In comparison to the manpower requirements for the mobile killing operations, the number of troops required to man the death camps was comparitively small. A few hundred troops for each of the Operation Reinhard death camps and (on average) about 3,000 for the Auschwitz complex (6,000 including rotations), which was comprised of three main camps and some fifty subsidary camps. The Operation Reinhard and Auschwitz extermination camps alone killed approximately 2.8 million people (of which about 2.7 million were Jews). (See Arad, Yitzhak, Belzec, Sobibor, Treblinka, pp. 160-161,377-380; Gutman, Yisrael, Anatomy of the Auschwitz Death Camp, pp. 50,62-72,246-262,274; Hilberg, Destruction, pp. 54-105.)
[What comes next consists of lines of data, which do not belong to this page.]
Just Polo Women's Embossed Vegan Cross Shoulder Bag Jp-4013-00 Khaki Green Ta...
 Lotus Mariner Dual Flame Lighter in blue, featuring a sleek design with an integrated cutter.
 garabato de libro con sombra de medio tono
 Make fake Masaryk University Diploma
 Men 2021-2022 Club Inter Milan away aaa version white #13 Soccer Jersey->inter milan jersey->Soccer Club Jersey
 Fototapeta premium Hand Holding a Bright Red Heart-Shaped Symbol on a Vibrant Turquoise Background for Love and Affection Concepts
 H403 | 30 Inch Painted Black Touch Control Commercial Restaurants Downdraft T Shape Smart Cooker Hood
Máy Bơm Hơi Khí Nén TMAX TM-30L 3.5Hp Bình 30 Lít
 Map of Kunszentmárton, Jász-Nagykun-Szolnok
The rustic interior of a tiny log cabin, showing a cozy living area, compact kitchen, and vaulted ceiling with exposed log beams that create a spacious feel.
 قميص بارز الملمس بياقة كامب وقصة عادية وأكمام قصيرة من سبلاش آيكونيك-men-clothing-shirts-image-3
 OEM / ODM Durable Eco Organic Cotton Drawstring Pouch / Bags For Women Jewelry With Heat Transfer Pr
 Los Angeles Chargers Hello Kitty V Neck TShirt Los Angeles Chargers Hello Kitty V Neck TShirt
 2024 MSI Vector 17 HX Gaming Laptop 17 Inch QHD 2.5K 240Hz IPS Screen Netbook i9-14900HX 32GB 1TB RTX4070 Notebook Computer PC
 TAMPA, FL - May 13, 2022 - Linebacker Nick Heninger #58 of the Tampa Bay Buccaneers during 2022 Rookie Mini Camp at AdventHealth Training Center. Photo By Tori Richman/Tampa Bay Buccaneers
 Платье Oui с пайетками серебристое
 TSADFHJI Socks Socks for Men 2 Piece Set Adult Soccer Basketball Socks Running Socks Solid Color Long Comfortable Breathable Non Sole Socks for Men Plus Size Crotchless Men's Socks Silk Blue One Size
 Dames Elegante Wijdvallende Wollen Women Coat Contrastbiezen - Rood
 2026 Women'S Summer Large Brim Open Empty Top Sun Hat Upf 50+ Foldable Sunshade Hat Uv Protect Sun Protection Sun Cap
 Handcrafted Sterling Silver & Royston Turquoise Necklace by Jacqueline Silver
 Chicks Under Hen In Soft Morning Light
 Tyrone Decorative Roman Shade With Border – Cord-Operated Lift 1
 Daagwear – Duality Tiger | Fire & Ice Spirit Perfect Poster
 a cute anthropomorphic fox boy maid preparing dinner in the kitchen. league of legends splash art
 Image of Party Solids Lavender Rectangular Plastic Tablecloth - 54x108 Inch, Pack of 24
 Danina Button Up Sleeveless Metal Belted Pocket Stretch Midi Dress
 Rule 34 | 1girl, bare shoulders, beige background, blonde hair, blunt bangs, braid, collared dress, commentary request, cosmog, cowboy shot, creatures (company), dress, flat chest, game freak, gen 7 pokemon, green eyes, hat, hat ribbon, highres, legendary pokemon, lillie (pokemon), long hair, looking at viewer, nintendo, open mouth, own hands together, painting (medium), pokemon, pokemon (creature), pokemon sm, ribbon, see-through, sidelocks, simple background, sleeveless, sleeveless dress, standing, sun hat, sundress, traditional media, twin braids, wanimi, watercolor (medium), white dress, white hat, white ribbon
Ergo, excluding "regular" concentration camp guards, train personnel, administrative staffs, industrial executives, and such, the total number of Germans directly involved in the Final Solution was on the order of at least 60,000 troops.
In regard to the issue of how the Nazis paid for carrying out the Final Solution the following should be enlightening. In short, they paid for it by plundering their victims. The first step in plundering Jewish victims was the "Aryanization" of Jewish property, businesses, and assets. The "voluntary" stage of "Aryanization" began in 1933. The compulsory stage began in 1938. The "Aryanization" of Jewish businessess throughout Nazi-occupied Europe was worth billions of Reichsmarks. (See Gutman, Encyclopedia of the Holocaust, pp. 84-87; Hilberg, Destruction, pp. 54-105.)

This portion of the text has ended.